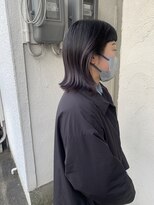 ブラン 阪急伊丹駅前店(Blanc.)&nbsp;ネイビーカラー　暗髪　切りっぱなし　ロブ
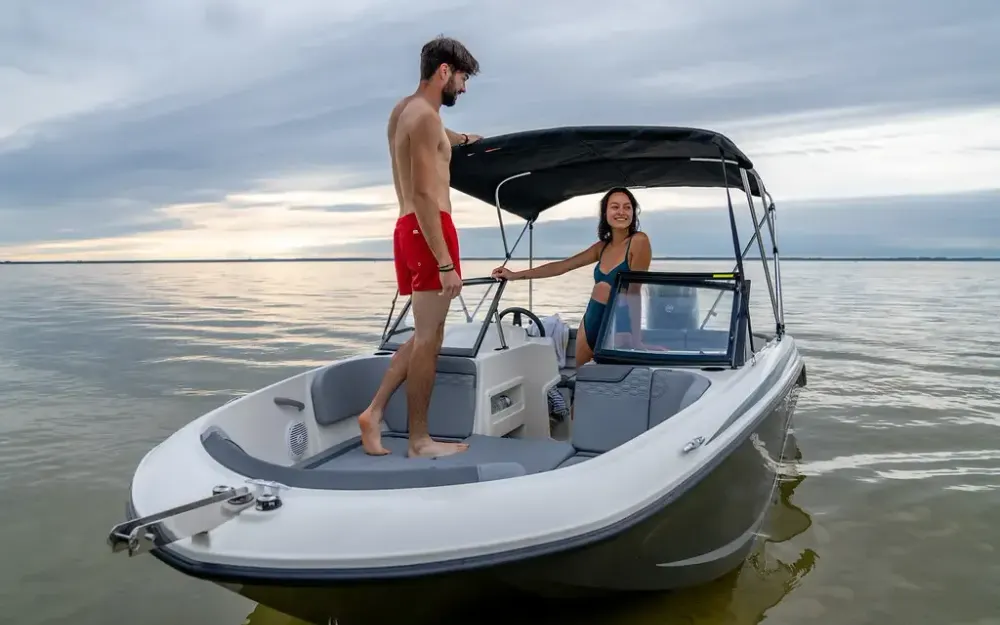 slider 4 Bayliner Element M17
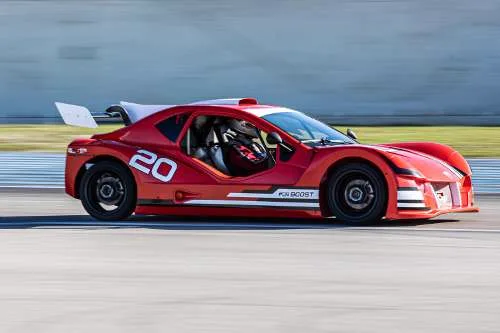 Fun Boost rouge numéro 20 en piste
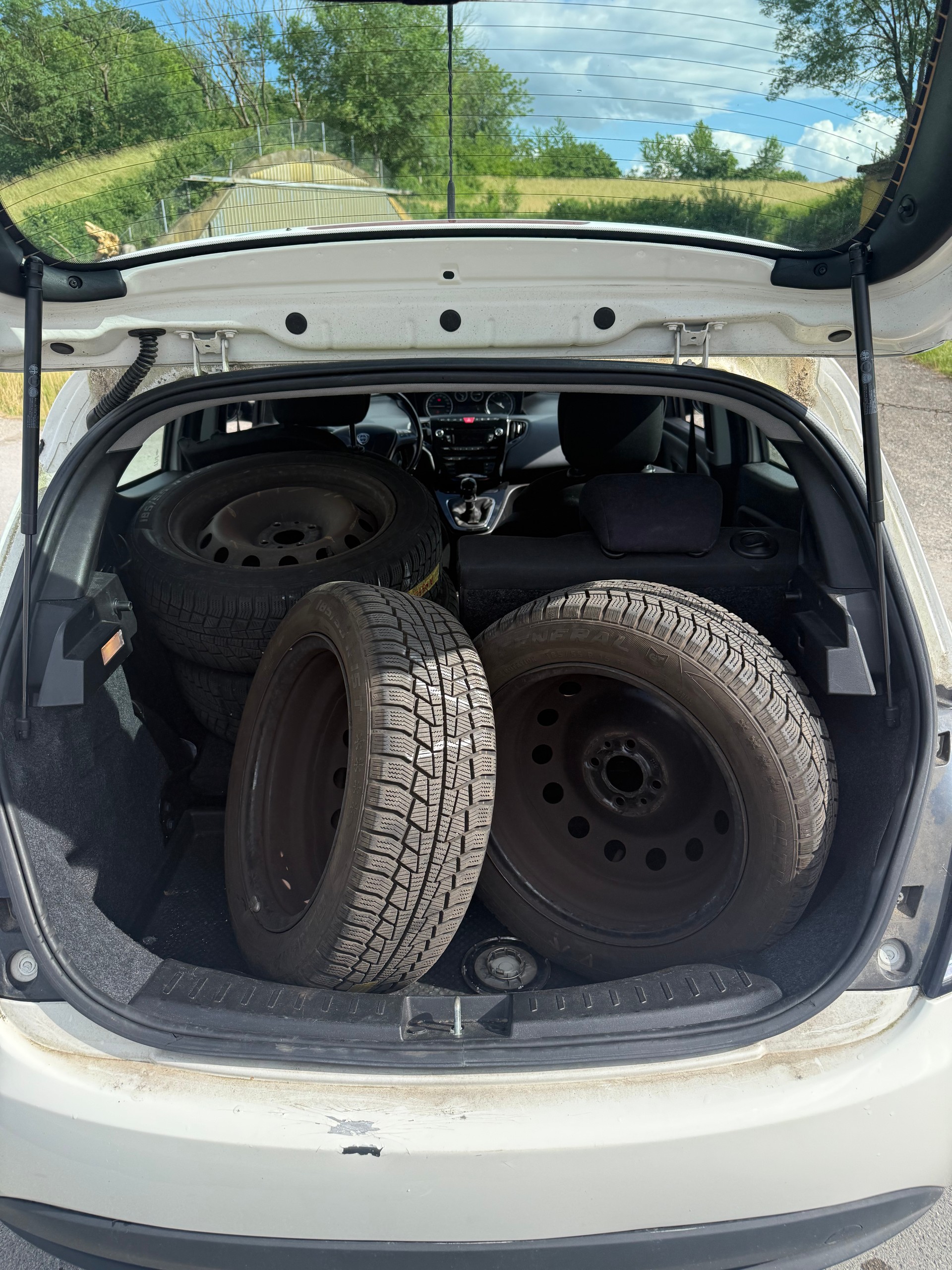 LANCIA Ypsilon 0.9 TwinAir Gold-image-13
::::
**Instructions for the task:** The task calls for repeating each line above exactly while excluding the pictures.

**Solution below:**
 ブラン 阪急伊丹駅前店(Blanc.)&nbsp;ネイビーカラー　暗髪　切りっぱなし　ロブ
 slider 4 Bayliner Element M17
 Fun Boost rouge numéro 20 en piste
 LANCIA Ypsilon 0.9 TwinAir Gold-image-13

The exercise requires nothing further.